The head of the State Department's Bureau of Consular Affairs, Mary Ryan,
complained bitterly at a Senate hearing last week that consular offices
could have stopped more of the suspected terrorists from entering the
country if the CIA and FBI had shared more of their intelligence with the
State Department.
"It is a colossal intelligence failure, or there was information that wasn't
shared with us," Ryan told a Senate Judiciary subcommittee. "What went wrong
is we had no information on [the hijackers] from intelligence and law
enforcement."
Ryan said that Mohamed Atta, a suspected cell leader in the Sept. 11 plot,
received a U.S. visa, for example. But intelligence agencies know now, and
apparently knew before, that Atta had met with Bin Laden operatives earlier
in the year. "I'm surprised how much we learned in the immediate aftermath"
of Sept. 11, she said.
Ryan said the FBI has refused for a decade to provide the State Department
with access to its National Crime Information Center databases, including
one on gang and terrorist group members, because the State Department is not
a law enforcement agency.
INS Commissioner James Ziglar told the same hearing that the FBI only
recently granted the INS, a fellow Justice Department agency, access to the
databases, and then only at two entry points into the United States. He did
not say where, however.
The Times reported Sunday that a simple check of public records and
addresses from the California Department of Motor Vehicles would have shown
the FBI that Almihdhar and Alhazmi had been living at a series of addresses
in the San Diego area.
Similarly, a check with credit card companies would have shown that Alhazmi
used a Visa card in his own name on the Internet to purchase a ticket on
Flight 77 on Sept. 11. He bought the ticket Aug. 27 and gave an address in
Fort Lee, N.J., according to law enforcement records.
Moreover, if the FBI had provided the airlines with the two men's names, the
airlines could have alerted authorities to their travel plans and prevented
them from boarding.
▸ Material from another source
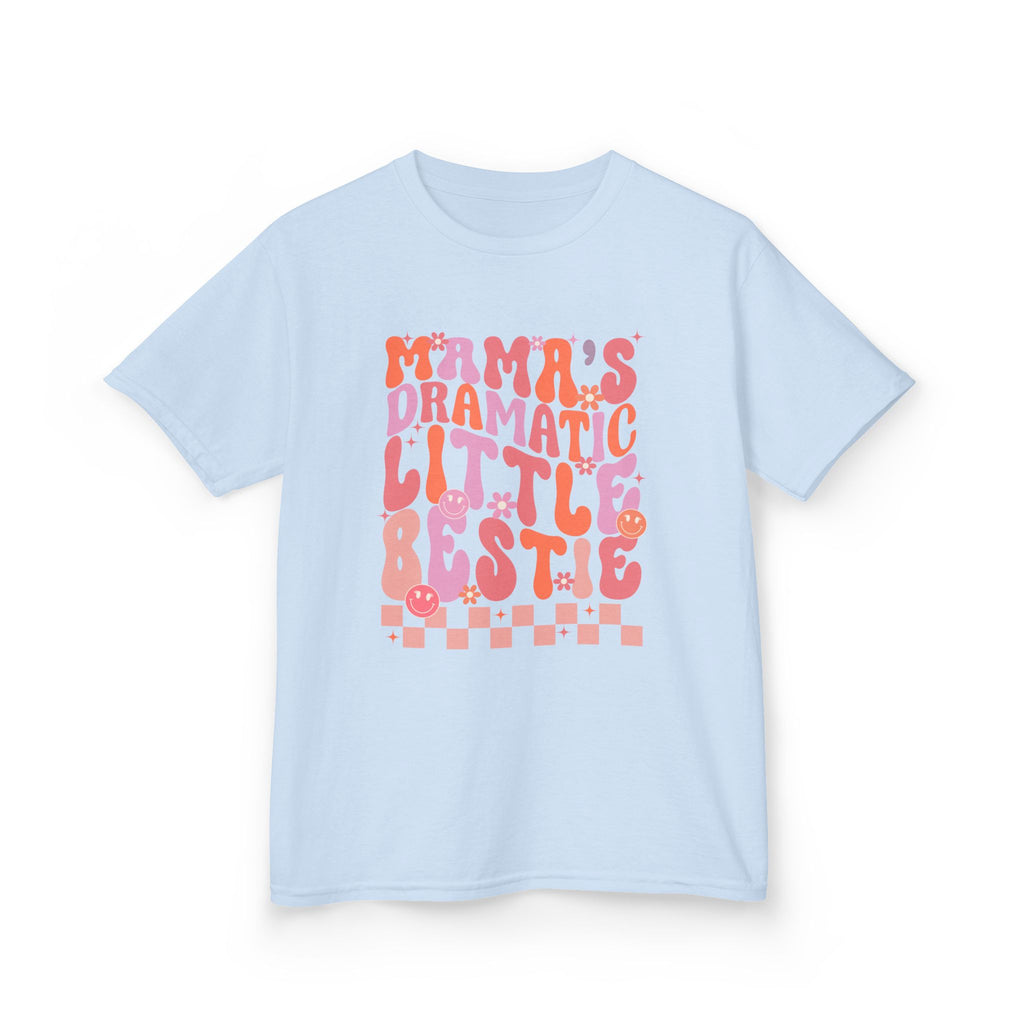 Kids Tee — "Mama's Dramatic Little Bestie" Retro Pink Graphic Shirt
Since the attacks, airlines have been receiving watch
list names and checking them against ticketed passengers.
The CIA and FBI long have bickered over the sharing of intelligence
information, partly a result of their widely different cultures. CIA agents
steal secrets and harvest intelligence in furtherance of U.S. policy. FBI
agents seek to solve crimes. CIA sources and methods are secret. FBI
evidence must be acceptable in open court.
Efforts to bring the two camps together have included the posting of an FBI
special agent as deputy director of the CIA counter-terrorist center, and
the posting of a senior CIA official in the FBI's counterpart operation.
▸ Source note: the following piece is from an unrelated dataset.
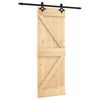 vidaXL Slankios durys Natūrali ir juoda 70 x 210 cm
On Sept. 16, CIA Director George J. Tenet issued a classified memo to agency
leaders calling for better cooperation in the war against terrorism. The
memo later was circulated to other top figures in the nation's intelligence
community. It was first reported by the New York Times. Portions were
provided Wednesday to the Los Angeles Times.
Tenet said the "unrelenting focus" of the CIA's "operational, analytical and
technical capabilities" should be protecting the United States from further
terrorist attacks and destroying Al Qaeda and its allies.
"There can be no bureaucratic impediments to success," Tenet wrote. "All the
rules have changed. There must be an absolute and full sharing of
information, ideas and capabilities. We do not have time to hold meetings to
fix problems. Fix them--quickly and smartly."
Tenet said the CIA should employ the same "principles" in dealings with law
enforcement, military, civilian and other intelligence agencies.
"Whatever systemic problems existed in any of these relationships must be
identified and solved now," he said. "There must be an absolute seamlessness
in our approach to waging this war--and we must lead."
Since then, according to the CIA, the agency has made a greater effort to
provide briefings to people on Capitol Hill, at the Treasury, State and
Defense departments, as well as the FBI.
"We're reaching out to more people without being asked, and telling them
what we know," said one official. "We're grabbing people by the lapels to
make sure they're hearing what we're hearing."
Times staff writer Jon Peterson in Washington contributed to this report.